In our research we used a LSTM-based LM for N-best list rescoring for automatic speech recognition (ASR) system. The paper is organized as follows: in Sect. 2 we give a survey of application of LSTMs for language modeling, in Sect. 3 we give a description of our LSTM-based LMs, experimental results of N-best list rescoring using LSTM-based LMs are presented in Sect. 4.

2 Related Works

LSTMs are widely used in speech recognition systems at N-best or lattice rescoring stage. In [4] comparison of LMs based on n-grams, feedforward, recurrent, and LSTM NNs in terms of perplexity and word error rate (WER) is presented. LMs were created for English and French. In the paper, it was shown that application of LSTM-based LMs for lattice rescoring outperforms other type of LMs. In addition, experimental analysis of relationship between perplexity of NN-based LMs and WER was performed. It showed that WER decreases with decreasing perplexity that is analogous to correlation between perplexity and WER for n-gram LMs.

In [5] LSTM-based LM was used for lattice rescoring for a YouTube speech recognition task. The proposed model decreased WER by 8% as compared with the result obtained with the n-gram model.

Automatic speech recognition for conversational Finnish and Estonian speech with LSTM LM is described in [6]. The authors tried subword-based and fullword-based language modeling and investigated the usage of classes for language modeling. LSTM LM was used for lattice rescoring. On both languages, the best results were obtained from class-based subword models.

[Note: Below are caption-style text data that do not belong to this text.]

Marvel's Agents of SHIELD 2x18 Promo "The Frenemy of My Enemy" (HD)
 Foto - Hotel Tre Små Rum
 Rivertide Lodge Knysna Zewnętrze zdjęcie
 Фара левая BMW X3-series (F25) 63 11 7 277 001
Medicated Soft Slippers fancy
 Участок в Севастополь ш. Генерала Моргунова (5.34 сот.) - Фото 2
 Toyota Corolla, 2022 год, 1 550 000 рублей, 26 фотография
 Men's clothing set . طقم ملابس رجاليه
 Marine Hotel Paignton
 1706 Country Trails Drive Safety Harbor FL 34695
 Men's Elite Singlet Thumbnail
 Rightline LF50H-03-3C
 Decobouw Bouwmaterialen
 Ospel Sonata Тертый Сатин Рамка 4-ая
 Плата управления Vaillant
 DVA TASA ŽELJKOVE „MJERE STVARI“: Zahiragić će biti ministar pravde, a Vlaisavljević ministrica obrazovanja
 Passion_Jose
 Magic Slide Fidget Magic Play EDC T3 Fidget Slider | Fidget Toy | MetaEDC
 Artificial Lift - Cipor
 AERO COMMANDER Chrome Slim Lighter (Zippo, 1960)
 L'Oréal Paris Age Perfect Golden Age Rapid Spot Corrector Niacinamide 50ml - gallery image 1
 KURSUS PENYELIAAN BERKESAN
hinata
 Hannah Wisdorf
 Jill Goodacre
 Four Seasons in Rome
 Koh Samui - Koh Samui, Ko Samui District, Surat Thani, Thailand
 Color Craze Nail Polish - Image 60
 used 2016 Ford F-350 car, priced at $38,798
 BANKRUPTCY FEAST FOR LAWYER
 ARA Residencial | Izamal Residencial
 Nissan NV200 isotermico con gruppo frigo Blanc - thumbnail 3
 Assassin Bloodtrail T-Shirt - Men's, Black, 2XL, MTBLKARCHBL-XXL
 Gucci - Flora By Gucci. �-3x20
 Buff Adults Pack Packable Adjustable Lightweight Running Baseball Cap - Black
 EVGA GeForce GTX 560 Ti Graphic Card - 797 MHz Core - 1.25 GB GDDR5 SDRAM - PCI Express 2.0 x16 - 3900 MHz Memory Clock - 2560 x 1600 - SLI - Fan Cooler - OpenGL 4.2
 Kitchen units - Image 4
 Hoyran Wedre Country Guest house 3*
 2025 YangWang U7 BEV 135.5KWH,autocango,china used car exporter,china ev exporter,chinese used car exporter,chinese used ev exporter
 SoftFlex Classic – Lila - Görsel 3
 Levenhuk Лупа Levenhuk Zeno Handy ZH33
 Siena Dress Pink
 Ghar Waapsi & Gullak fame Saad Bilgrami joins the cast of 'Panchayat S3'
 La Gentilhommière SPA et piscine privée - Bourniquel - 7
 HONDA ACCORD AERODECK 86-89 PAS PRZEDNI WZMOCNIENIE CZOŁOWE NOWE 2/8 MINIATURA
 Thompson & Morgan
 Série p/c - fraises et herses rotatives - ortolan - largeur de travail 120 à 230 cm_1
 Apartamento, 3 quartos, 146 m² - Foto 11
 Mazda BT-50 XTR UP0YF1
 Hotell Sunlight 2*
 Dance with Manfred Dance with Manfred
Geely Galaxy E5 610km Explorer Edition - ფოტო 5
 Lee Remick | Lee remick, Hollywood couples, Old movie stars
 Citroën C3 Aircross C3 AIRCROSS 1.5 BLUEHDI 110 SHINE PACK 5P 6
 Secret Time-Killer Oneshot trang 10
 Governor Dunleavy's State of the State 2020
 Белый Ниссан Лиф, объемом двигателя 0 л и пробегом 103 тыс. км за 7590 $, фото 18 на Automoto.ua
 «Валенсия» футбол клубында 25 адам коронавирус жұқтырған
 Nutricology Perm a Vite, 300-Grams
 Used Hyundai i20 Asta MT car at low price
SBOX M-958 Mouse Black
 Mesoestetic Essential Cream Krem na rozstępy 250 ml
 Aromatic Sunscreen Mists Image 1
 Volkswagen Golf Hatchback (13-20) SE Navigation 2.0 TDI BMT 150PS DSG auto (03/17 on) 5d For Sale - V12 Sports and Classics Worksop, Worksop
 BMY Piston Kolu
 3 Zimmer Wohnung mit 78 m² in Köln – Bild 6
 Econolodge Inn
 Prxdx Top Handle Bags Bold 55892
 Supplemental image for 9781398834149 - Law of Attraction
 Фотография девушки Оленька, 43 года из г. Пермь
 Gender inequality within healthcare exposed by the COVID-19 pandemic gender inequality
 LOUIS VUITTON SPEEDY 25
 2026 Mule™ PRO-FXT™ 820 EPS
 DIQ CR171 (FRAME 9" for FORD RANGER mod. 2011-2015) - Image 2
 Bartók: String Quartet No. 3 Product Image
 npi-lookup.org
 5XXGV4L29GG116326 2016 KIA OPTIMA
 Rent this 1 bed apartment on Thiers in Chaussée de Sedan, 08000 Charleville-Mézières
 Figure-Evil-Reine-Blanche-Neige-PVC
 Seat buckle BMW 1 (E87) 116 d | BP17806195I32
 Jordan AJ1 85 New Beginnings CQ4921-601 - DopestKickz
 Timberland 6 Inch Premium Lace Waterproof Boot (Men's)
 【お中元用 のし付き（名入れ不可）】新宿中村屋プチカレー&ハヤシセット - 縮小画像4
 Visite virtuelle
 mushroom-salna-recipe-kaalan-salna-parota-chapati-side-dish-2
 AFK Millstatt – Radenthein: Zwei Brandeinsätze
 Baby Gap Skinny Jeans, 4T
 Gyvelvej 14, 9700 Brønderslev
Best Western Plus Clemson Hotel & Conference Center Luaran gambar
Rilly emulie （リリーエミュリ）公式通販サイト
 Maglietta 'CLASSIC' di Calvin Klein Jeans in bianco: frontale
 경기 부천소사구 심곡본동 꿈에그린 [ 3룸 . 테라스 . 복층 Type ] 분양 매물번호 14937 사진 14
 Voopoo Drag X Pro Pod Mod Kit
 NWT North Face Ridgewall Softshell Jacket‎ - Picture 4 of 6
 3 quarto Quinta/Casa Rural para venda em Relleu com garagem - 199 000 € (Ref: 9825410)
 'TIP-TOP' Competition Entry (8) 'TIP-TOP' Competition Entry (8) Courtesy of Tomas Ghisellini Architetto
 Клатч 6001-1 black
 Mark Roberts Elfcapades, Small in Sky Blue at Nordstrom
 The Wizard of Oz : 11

Czech language modeling using LSTM is represented in [7]. As the baseline, 5-gram Knesser-Ney statistical model with 120 K vocabulary was used. The LSTM LMs were trained with limited vocabulary consisted of 10 K most frequent words. LSTM LM interpolated with the baseline model was used for rescoring of 1000-best list. Experiments were performed on the corpus of Czech spontaneous speech which was recorded from phone calls. Application of LSTM LM allowed increasing speech recognition accuracy by 3.7% in relative comparing to the result obtained with the baseline model.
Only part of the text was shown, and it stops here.